Despite his new stump speech on tax cuts, education spending, Social Security reform and abortion, Mr. Bush still leaned heavily on a single topic — the war on terror — the issue his campaign thinks the president must emphasize to win re-election.

“The enemies who killed thousands of innocent people are still dangerous and determined to strike us again,” Mr. Bush said in Wilkes Barre, Pa. “The outcome of this election will set the direction of the war against terror, and in this war there is no place for confusion and no substitute for victory.”

In Milwaukee, Mr. Kerry, facing a potential gender gap of “security moms,” yesterday told an audience of Wisconsin women that he would end the culture of worry over domestic issues such as wages and college costs that Mr. Bush has created.

“America never was a country that had to live with that kind of worry, and we deserve to be a country that doesn’t have to in the future,” he said. “Today, for far too many women, the American dream seems a million miles away because you’ve barely got time to sleep, and when you’ve barely got time to sleep, you’ve barely got time to dream.”

Repackaging his stump speech for this audience, Mr. Kerry reduced his references to national security.
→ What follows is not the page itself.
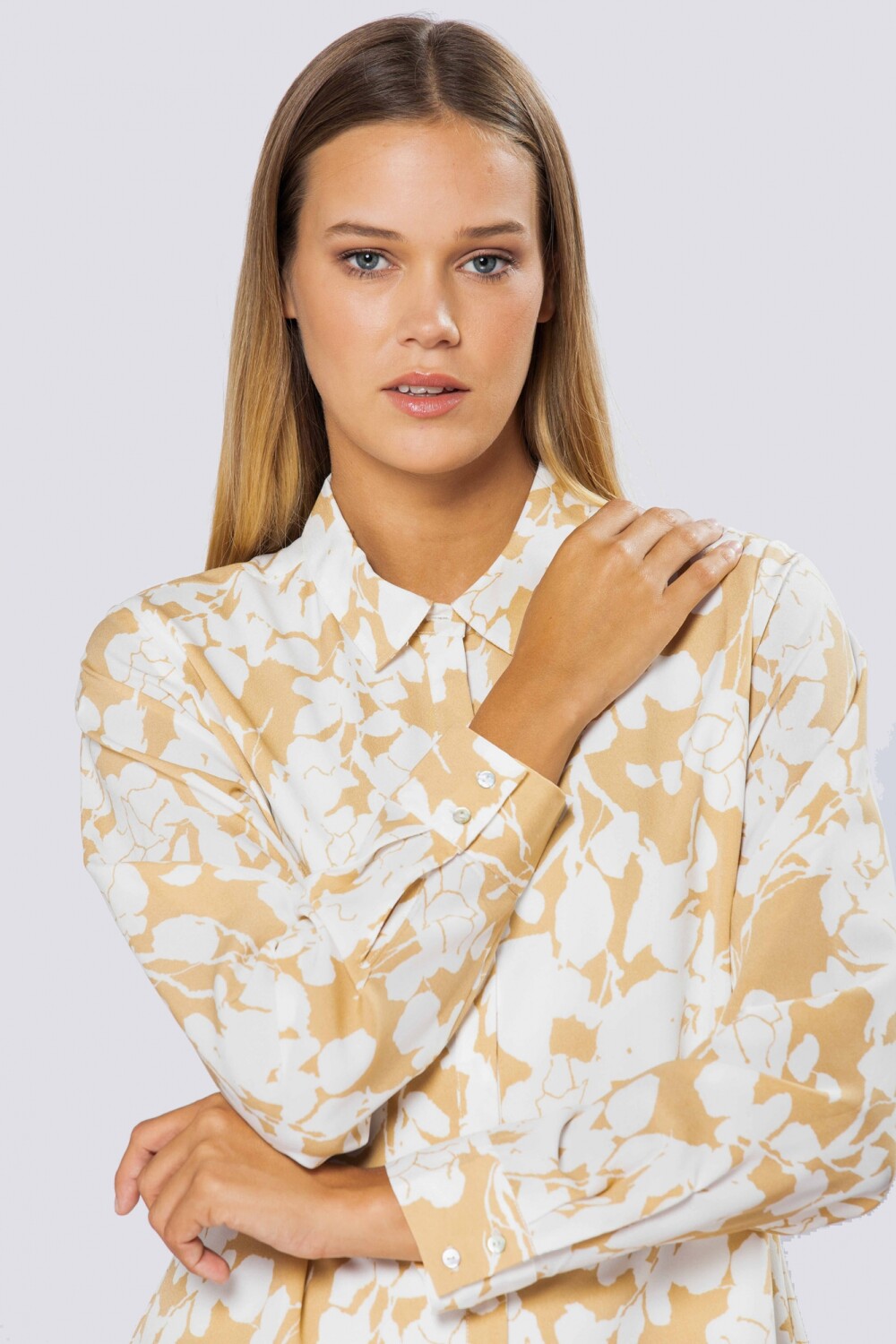 BLUSA ESTAMPADA Mostaza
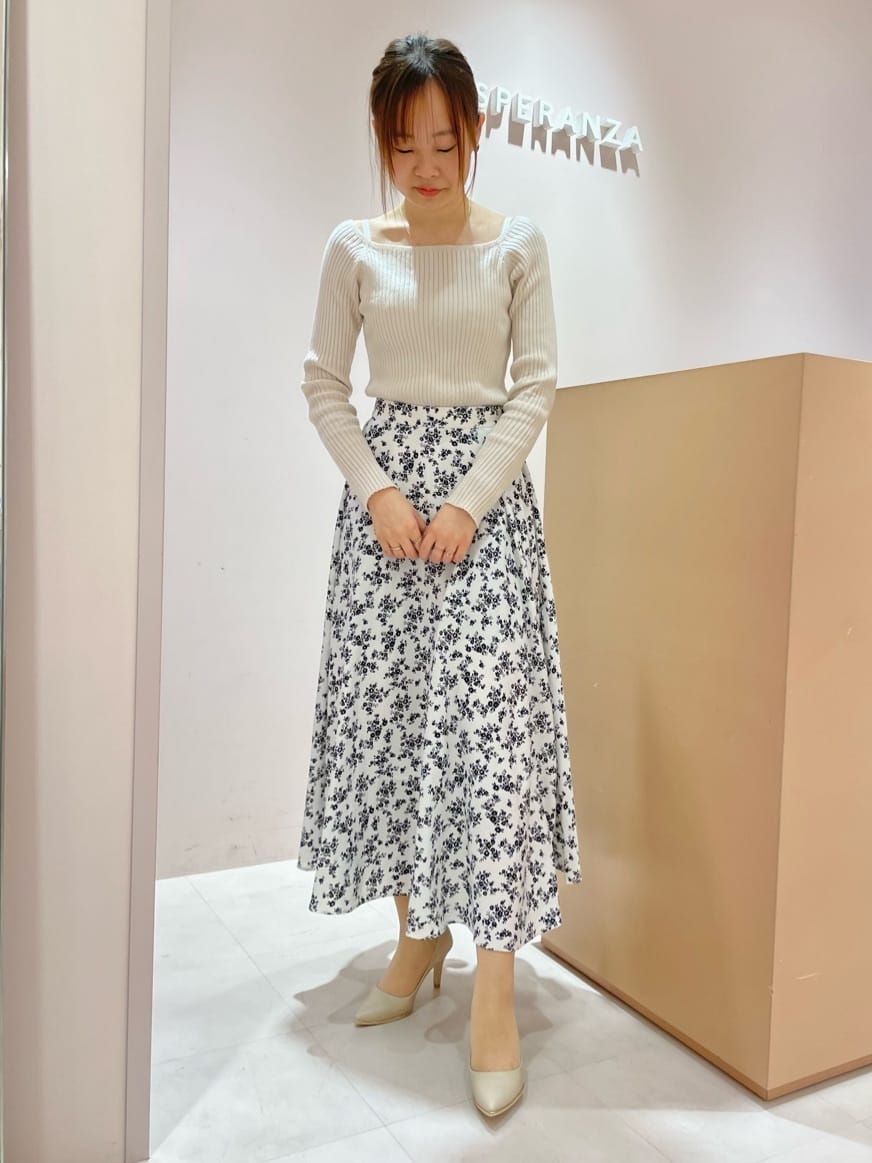 azusaさんの「ESPERANZA｜【レイン対応/12時間パンプス】約8.5cm　歩きやすくて疲れにくい」を使ったコーディネート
He briefly mentioned his intention to hunt down and kill terrorists, which drew scattered applause, and his commitment to work with allies, which drew a much broader round of applause.

Instead, he said, Americans, and women in particular, face increasing domestic pressures.

“They work hard every single day, every single night, but still each new day brings on a new set of worries,” the Massachusetts Democrat said. “Worry, when their children go out to play, that they might get injured and health insurance won’t cover it; that elderly parents can’t afford prescription drugs; that jobs will be lost; and that they can’t afford college tuitions.”

A new Bush campaign ad that began airing yesterday, called “Wolves,” criticizes Mr. Kerry for voting to cut defense and intelligence spending.

“In an increasingly dangerous world, even after the first attack on America, John Kerry and the liberals in Congress voted to slash America’s intelligence operations by $6 billion,” the ad’s narrator said over video of a wolf lurking in the woods.

“Cuts so deep they would have weakened America’s defenses,” the ad continues. “And weakness attracts those who are waiting to do America harm.”

The ad was inspired by Ronald Reagan’s “Bear in the Woods” ad in 1984, accusing Democrat Walter Mondale of being too liberal to deal with the threat of Soviet communism.

Mr. Bush, speaking to a crowd of about 15,000 in this heavily Democratic northeast corner of Pennsylvania, aggressively painted Mr. Kerry as unable to take the actions necessary to protect Americans from another catastrophic terrorist attack.

“His top foreign policy adviser has questioned whether it’s even a war at all, saying that’s just a metaphor, like the war on poverty,” Mr. Bush said. “I’ve got news: Anyone who thinks we are fighting a metaphor does not understand the enemy we face and has no idea how to win the war and keep America secure.”

The Kerry campaign responded sharply, saying that despite Mr. Bush’s claims that he has killed or captured three-fourths of the al Qaeda leadership, “the organization is resurging and morphing.”